1. Why the lessening of transportation costs, made possible by the railroad, the car, and the telephone, worked to strengthen city centers rather than diffuse wealth?

This question is important because the very origin of globalization stems from the expansion of transportation methods. It is also important because once we can figure out why wealth is not being diffused like it should be through the ample amount of transportation systems, the distribution of wealth can become more even and the value of life of many people in third world countries can be imporoved. With this being the case, the anwering of this question is especially important to those in third world or impoverished regions of the world.

2. How do the effects of modern globalization contribute to the high population growth in third world countries?

This question, like the first, is an important one to ask because it has to deal with the bettering of life in less fortunate areas of the world. The population of the world is supposed to reach 9 billion by the year 2050, an amount of people that our rapidly depleting resources cannot handle. This growth of people is mainly coming from third world countries where having many children is either financially helpful or somewhat impossible to avoid due to a lack of education. With this problem solved, or at least lessened, the entire world population will benefit.

3. How can the exploitation of poor workers and of the resources in poor countries by wealthy countries be stopped?
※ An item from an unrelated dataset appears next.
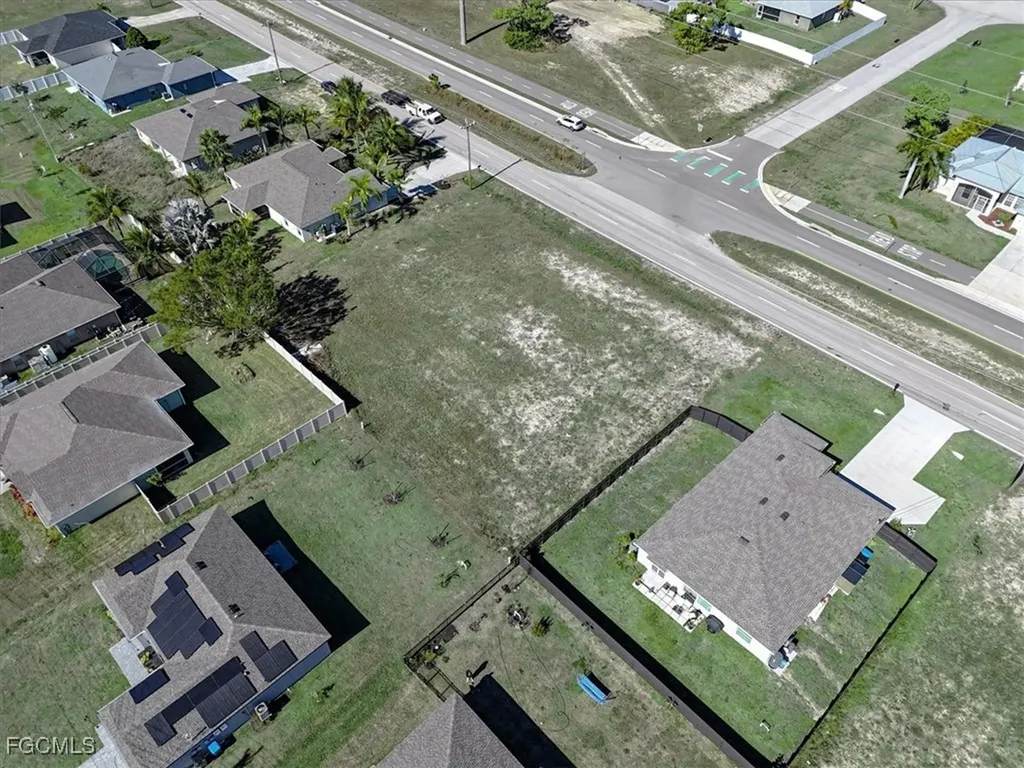 2002 Kismet Parkway W Cape Coral FL 33993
This last question, though slightly more specific than the previous two, is just as important. Though globalization has resulted in many positives, the exploitation of poor countries by wealthier countries and of resources by countries across the globe is one of globalization’s down sides. With the population growing, the need for ample resources is growing and while we are wasting those resources we are only graying our futures. By taking advantages of human resources in poorer countries we are doing practically the same thing. Those countries cannot be expected to survive with the poverty level and mistreatment they are made to endure and, though wealthier countries may be better off in the present, as soon as one link in the global economy breaks they will all begin to fall apart. In this sense, answering this last question is important to all nations around the world.